Фэнтези идет путем наименьшего сопротивления и еще по одному параметру. Присущее всей фантастике свойство конструирования миров дает ей возможность конструирования мира ПОД ГЕРОЯ — так, чтобы поелику возможно облегчить этому герою его задачу. Не только божки придумываются так, чтобы их приятно и легко было ниспровергать. Вся физика, вся метрика мира, все его константы и атрибуты придумываются исключительно так, чтобы характер героя, его способности, его идеи обеспечили ему конечную победу после ряда как можно более увлекательных промежуточных телодвижений. Цель и средства меняются местами; это как если бы даже не Анне менять любовников, руководствуясь задачей прокатить ее по возможно большему количеству российских градов и весей для ознакомления читателя с местной этнографией, но, напротив, психологию и физиологию Аннушки, равно как и местную этнографию, придумывать исключительно так, чтобы добиться возможно большего количества совокуплений на печатный лист.

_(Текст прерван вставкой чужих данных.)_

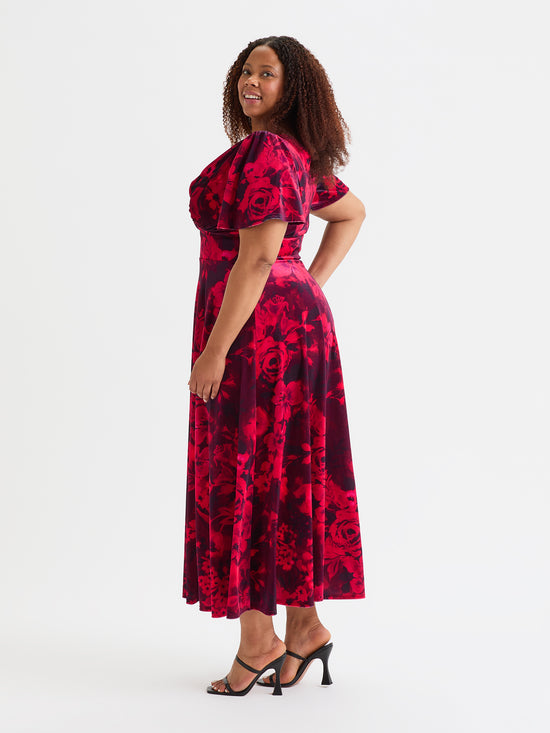 Isabelle Wine Red Velvet Float Sleeve Maxi Dress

Но, если не шутейно — таким образом молчаливо признается, что мир реальный действительно обречен быть и оставаться во власти Князя Тьмы и с ним даже возиться-то, даже упоминать-то его не стоит. Победа положительного героя — каким бы, в меру своих представлений о положительном, ни рисовал его автор — оказывается возможной лишь в мире качественно измененном. Опять мы сталкиваемся с неизбывным стремлением качественно менять миры. Но в фантастике шестидесятых это делалось для того, чтобы сделать мир для лучшей жизни. А теперь — чтобы сделать мир для лучшей драки. В самом замечательном случае — чтобы сделать мир, который всеми своими свойствами доказывал бы суперавторитетность главного героя. Старик Ницше благодарно кланяется из своей сифилитической могилы!

Конечно, среди работающих в области фэнтези мастеров, как и среди абсолютно всех групп людей, встречаются умные и милые люди, и тексты у них — соответственные.